We leveraged remote caching to speed up our builds. One of the artifacts of our build was the index stores. If our CI builds used a single index store that wasn’t tracked by Bazel, the index stores wouldn’t be uploaded to the cache. If the developer machines had different arguments into the build actions, the cache keys wouldn’t match anything in the cache and nothing would download.

The solution was to “trick” Bazel, passing the same arguments into build actions during CI and local development, to ensure the same cache keys, but somehow have different arguments passed to swiftc. This allowed cached modules to download individual index stores, while recompiled modules continue to use the single index store. Part of our integration with Xcode migrated the individual index stores to the single index store, then it imported the single index store into Xcode’s index store.

Numbers

Investigating and fixing these differences took about two weeks. In that time the performance for both build systems shifted a bit, so I had to remeasure. Instead of measuring all three configurations again, I instead focused on Config 2. I measured the build six times, averaged the results, and trimmed the slowest time of the six. I did this 5 times (for a total of 30 builds): Xcodebuild, Bazel without optimizations, Bazel with extra dependencies removed, Bazel with a single index store, and Bazel with a custom bundle tool. Here were the results:

Differences between builds with Xcodebuild, Bazel with optimizations applied, and Bazel without optimizations applied

The results are in seconds. This is what each bar represents:

And this is what each segment of a bar represents:

Most of the improvements are covered in previous sections, but I will also provide details on each segment.

Other

Bazel has its own overhead on top of what Xcode imposes, but we also did less in the Prebuild phase now because we didn’t have to use Carthage (instead using Bazel’s external dependencies feature). The improvement in this segment for the Bazel Optimized build was disabling output difference checking.

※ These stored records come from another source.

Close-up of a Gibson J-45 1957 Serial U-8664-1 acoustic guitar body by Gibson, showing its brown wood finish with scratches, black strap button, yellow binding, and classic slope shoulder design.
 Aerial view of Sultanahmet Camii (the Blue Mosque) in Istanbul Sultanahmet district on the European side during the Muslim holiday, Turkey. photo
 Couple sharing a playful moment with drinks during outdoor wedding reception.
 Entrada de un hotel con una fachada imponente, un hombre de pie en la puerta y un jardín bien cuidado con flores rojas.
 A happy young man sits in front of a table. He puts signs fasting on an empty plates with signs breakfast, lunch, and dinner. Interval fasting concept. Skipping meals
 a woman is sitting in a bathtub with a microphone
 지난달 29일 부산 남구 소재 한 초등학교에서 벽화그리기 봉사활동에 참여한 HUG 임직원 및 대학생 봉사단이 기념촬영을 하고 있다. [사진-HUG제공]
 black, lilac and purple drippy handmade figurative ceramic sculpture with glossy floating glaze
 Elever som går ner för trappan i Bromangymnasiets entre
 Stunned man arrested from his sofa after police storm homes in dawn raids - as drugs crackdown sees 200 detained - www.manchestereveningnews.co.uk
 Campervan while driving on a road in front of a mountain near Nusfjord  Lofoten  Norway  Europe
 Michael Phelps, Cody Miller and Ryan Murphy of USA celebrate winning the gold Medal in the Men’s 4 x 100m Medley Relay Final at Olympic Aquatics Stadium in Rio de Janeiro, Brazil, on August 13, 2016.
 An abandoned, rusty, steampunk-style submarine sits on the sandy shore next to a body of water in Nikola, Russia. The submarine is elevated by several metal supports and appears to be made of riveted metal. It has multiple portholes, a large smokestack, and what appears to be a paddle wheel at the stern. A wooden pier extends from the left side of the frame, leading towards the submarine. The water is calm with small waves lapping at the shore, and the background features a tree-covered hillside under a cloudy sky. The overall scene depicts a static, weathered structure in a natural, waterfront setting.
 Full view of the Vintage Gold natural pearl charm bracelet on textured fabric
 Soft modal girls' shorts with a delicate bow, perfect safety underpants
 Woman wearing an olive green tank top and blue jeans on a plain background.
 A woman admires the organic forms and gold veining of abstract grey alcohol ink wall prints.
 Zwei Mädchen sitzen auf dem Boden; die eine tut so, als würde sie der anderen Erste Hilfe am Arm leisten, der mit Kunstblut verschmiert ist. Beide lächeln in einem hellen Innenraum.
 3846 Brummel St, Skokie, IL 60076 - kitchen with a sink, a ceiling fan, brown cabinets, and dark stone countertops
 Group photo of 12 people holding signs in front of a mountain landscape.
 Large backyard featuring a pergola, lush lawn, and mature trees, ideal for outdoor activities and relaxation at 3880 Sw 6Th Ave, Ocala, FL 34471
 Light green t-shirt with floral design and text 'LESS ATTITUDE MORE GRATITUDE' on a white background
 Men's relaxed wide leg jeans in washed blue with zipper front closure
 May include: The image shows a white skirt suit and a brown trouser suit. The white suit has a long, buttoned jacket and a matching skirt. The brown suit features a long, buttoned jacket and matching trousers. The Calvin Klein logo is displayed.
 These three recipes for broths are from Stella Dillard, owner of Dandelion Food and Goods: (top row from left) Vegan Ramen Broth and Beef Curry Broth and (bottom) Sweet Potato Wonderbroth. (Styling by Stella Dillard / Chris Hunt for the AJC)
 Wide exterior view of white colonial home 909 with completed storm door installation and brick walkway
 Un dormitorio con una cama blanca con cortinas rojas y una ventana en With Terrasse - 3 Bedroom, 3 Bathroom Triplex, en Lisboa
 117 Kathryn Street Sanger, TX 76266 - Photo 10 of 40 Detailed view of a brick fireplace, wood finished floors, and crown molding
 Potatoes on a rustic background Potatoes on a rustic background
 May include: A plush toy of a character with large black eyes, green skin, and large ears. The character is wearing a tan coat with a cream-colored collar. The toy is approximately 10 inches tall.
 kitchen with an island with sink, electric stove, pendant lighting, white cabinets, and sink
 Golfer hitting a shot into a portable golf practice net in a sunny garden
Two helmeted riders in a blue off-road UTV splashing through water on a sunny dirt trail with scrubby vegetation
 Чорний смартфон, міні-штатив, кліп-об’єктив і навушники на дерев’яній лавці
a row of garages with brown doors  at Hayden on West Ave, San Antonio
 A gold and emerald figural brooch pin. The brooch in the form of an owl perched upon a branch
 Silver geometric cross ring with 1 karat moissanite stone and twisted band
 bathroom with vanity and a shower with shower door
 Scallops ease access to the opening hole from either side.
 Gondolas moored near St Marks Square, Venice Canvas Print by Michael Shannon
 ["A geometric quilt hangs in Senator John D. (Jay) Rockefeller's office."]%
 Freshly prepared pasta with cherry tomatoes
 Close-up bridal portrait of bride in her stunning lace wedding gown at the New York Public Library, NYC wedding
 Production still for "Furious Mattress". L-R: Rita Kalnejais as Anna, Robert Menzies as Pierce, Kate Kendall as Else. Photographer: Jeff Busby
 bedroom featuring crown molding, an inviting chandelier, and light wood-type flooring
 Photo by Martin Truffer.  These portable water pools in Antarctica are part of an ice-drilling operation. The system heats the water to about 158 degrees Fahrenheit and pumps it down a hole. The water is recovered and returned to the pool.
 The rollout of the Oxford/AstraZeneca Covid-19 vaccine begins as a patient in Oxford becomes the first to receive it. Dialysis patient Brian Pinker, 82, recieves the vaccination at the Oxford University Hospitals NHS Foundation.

Compiling, multiple index stores, and extra deps

Bazel’s correctness, along with some unresolved parallelism inefficiencies, results in Swift modules compiling slightly slower than Xcodebuild in the best case. The best case though for us was using a single index store and not compiling extraneous dependencies.

Linking

Linking performance is very similar between Xcodebuild and Bazel. This is an area were we could have made more improvements though, by using dynamic libraries instead of static libraries for non-production builds. Bazel makes this much easier to achieve than Xcodebuild, since we could use macros to change the build graph.

Bundling & codesigning

Xcodebuild is able to bundle more efficiently than Bazel since it doesn’t have to delete the bundle before each build. Bazel currently is more efficient on including the Swift runtime libraries, and can possibly be made more efficient by code signing them as a cacheable intermediate step. The improvement in this segment for the Bazel Optimized build was disabling bundle contents tracking.

Other configurations

I spent a lot of time on profiling and fixing performance differences for Config 2, so what about the other configurations? I didn’t go back to see how they improved, but since Config 2 had all the same build actions as the other configurations, and deep analysis was done on those build actions, I didn’t necessarily feel the need to do so.

Future improvements

After optimizing our Bazel incremental builds, I was able to get our worst performing configuration to be only 8% slower than Xcodebuild, down from 77% slower. In previous sections I mentioned that there were a couple known ways to improve this further (i.e. better code signing and using dynamic linking), but additional effort finding even more ways probably isn’t worth the effort. Instead I recommended that focus should be on changes that would speed up building regardless of the build system used: better modularization, less code (possibly via code generation), more caching, and remote execution.